I booked a guide and horse, a mule to carry my gear, and a horse for me to ride for the trip in. I used Bald Mountain Outfitters (http://meek.sublette.com/Baldmtn, email@example.com, 307-367-6539) and was very happy with them.
On July 30, 1998, Bald Mountain took me fairly close to Lower Titcomb Lake. The ride took about six hours, mostly in the rain. I carried the pack another two hours to get to camp. I arrived at camp in just one day and was fairly fresh. Without the horse, it would have taken two days and I would have been half-dead from carrying the heavy pack. The horse is well worth the price. I camped above Upper Titcomb Lake at about 10,800. The ground accepts tent stakes, so a freestanding tent isn't absolutely necessary.
On July 31, I woke up about 4:15 AM. The sky was full of stars and I could see two headlamps on the way up Dinwoody Pass (also known as Bonney Pass). I left camp at 5:15. The snow was just soft enough for kicking steps, so I only used crampons near the top of Dinwoody Pass. At the pass, I took off the crampons and plunge-stepped down and across Dinwoody Glacier.
The easiest route went around the right of a huge buttress at 11,700 and then west through a few crevasses near the north edge of the Dinwoody Glacier. The crevasses required a bit of careful routefinding, but they weren't a major obstacle. I then climbed an obvious snow-filled couloir, which is visible from Dinwoody Pass. I followed the steps of the climbers I had seen earlier. The couloir is only 37-40 degrees, so we all kicked steps in the snow without using crampons. At the top of the couloir I stashed some of my gear and wandered up easier snow and rock toward the summit. I met the other two climbers on their way down, talked with them for a few minutes, and reached the summit about 9:15. Don Jacobs calls the route I climbed "Route 4: South Ridge."
After a short break and a few pictures, I started down. The weather was good, but clouds were rolling in, and I didn't want to be on top of Dinwoody Pass in a lightning storm. I caught up with the other climbers, passing them as we picked our way through the crevasses. The snow was firm enough to support my weight and soft enough for kicking steps. I made good time and was back at camp before noon, just as it started to rain.
I ate, dozed, and sorted gear until the weather improved and my boredom outweighed my fatigue.
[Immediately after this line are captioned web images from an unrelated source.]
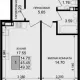 1-комн. квартира, 45.45 м², 6/8 этаж фото 0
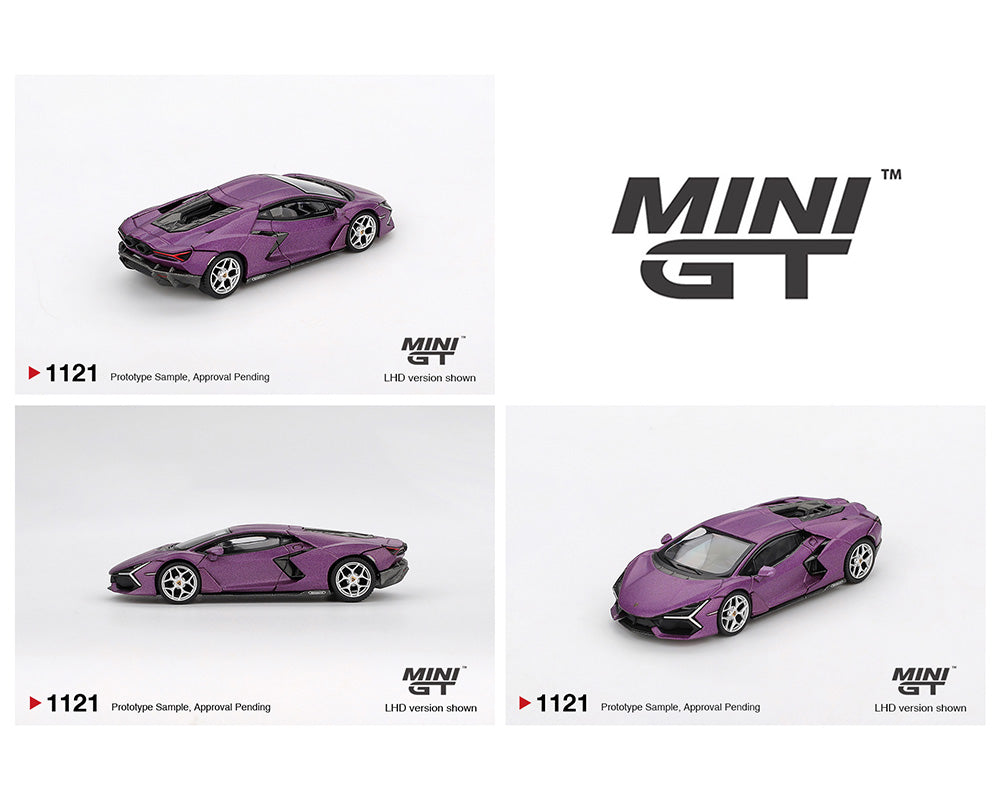 MiniGT 1:64 Lamborghini Revuelto Viola 30th – Matte Purple #1121
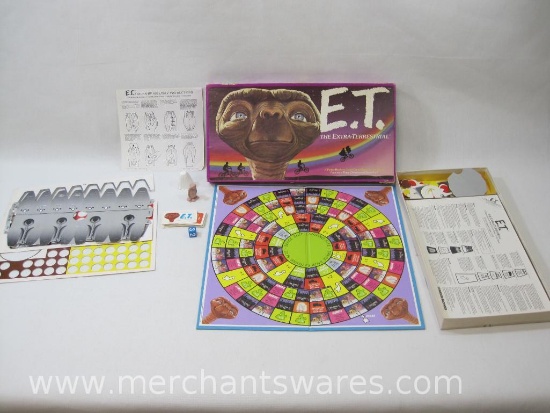 E. T. The Extra-Terrestrial Parker Brothers Board Game No. 157, Based on the Movie, 1982 Universal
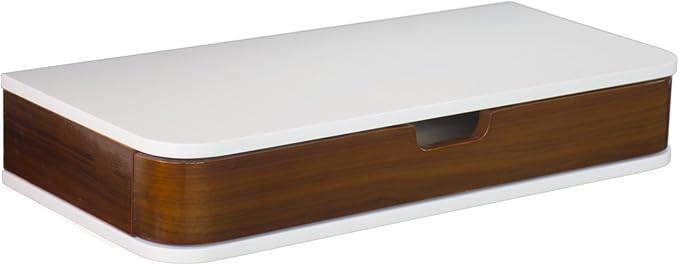 Floating Shelf with Drawer - Floating Drawers for Wall - Wall Shelf with Drawer for Living Room,Office - Walnut Floating Shelves 10 Inches Deep with Pull Out Drawer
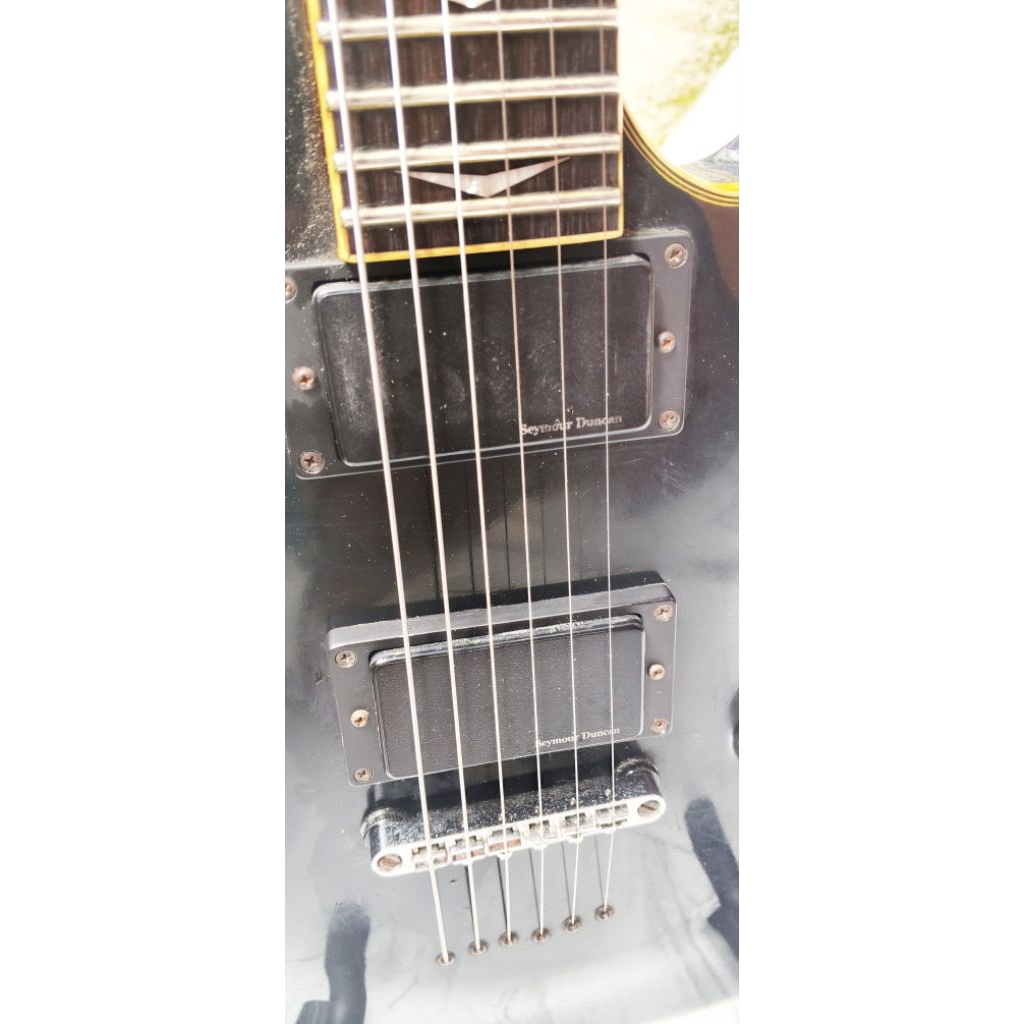 gitar shecter pickup symour duncan blackout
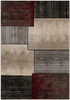 2 x 13 Brown Overlapped Blocks Runner Rug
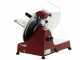 FAC F 300 R ROT - Schwerkraft-Aufschnittmaschine  - Messer 300 mm - aus lackiertem Aluminium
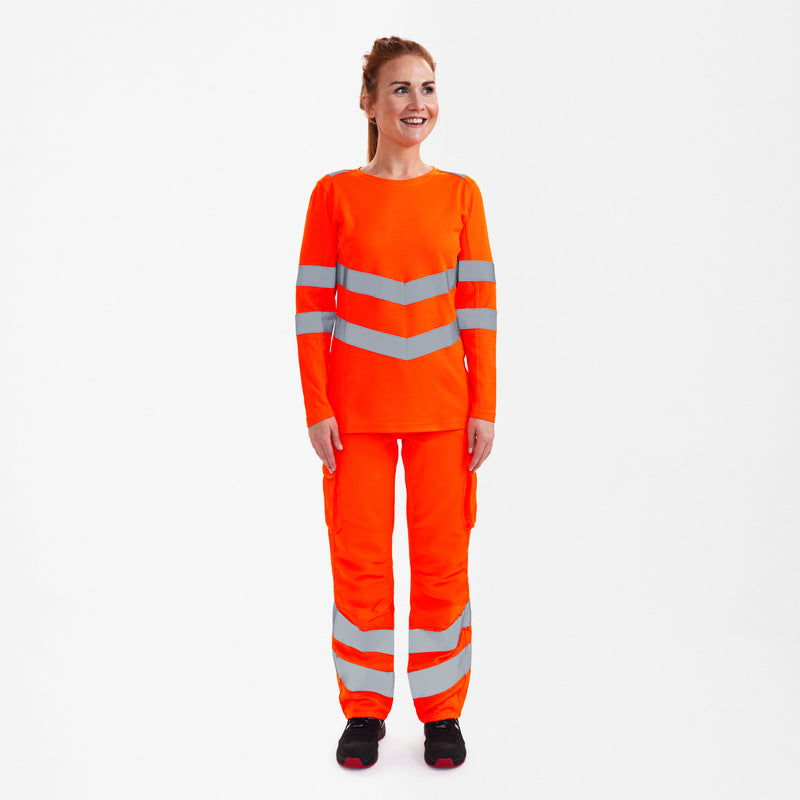Laden Sie das Bild in Galerie -Viewer, Safety Damen langarm-Shirt 9543-182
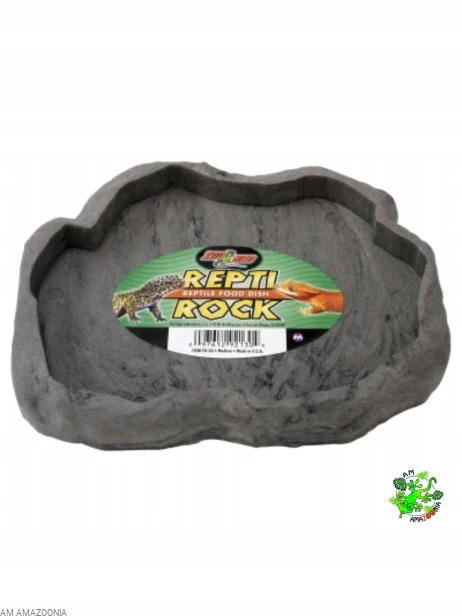 Zoo Med Repti Rock Food Dish M PŁASKA miska miseczka na pokarm 19x16x2,5cm
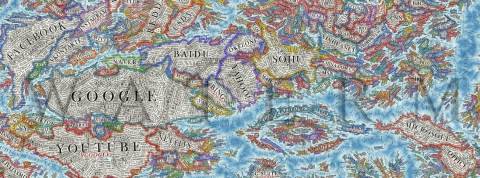 Cette carte détaillée montre l’évolution extrêmement rapide du World Wide Web Cette carte détaillée montre l’évolution extrêmement rapide du World Wide Web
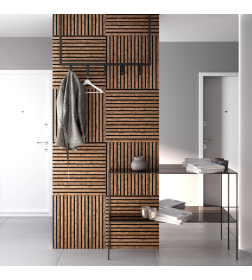 Панель МДФ STELLA Comfort Акустическая Light Пекан 600х600х9 мм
I decided to pack up and start out. As soon as I started hiking, the weather deteriorated. Within five minutes, the clouds dumped their entire contents on me, I was soaking wet, the ground was covered in hail, and the sun was shining again. I made it to Island Lake with just enough daylight to set up camp and eat dinner before dark. I was totally exhausted.
I spent most of August 1 carrying my pack back to the trailhead, mostly in the rain.
The main requirements for climbing Gannett Peak are good basic mountaineering and backpacking skills, good physical condition, tolerance of thin air, and decent weather. While Gannett is certainly a lot of work, it was much easier than I had expected. I only used crampons for a short distance on Dinwoody Pass, and I never bothered using the ice axe. Despite what Don Jacobs says, I call that a walk-up. Just be careful not to fall in a crevasse.